• _Records supplied_

↓

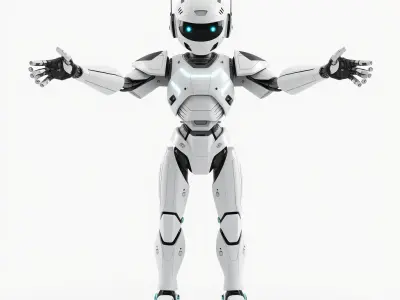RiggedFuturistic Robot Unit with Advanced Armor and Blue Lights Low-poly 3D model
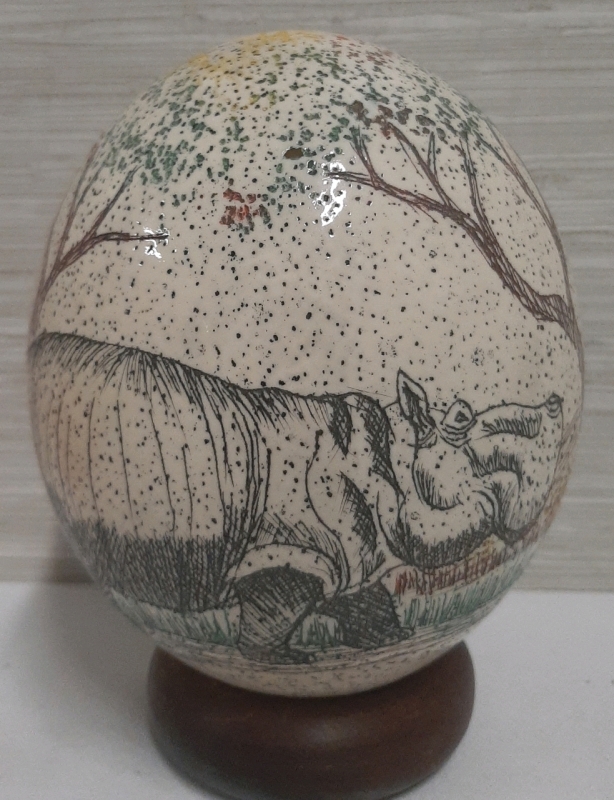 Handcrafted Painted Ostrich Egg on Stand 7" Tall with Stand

↑
↓

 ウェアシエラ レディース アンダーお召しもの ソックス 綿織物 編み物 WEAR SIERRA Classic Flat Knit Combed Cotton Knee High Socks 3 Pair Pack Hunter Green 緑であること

↑

From the data above, return exactly the lines from the one with "RiggedFuturistic Robot Unit" up to and including the one with "Handcrafted Painted Ostrich". Pictures do not go in the copy.

• _Result of this exercise_
RiggedFuturistic Robot Unit with Advanced Armor and Blue Lights Low-poly 3D model
 Handcrafted Painted Ostrich Egg on Stand 7" Tall with Stand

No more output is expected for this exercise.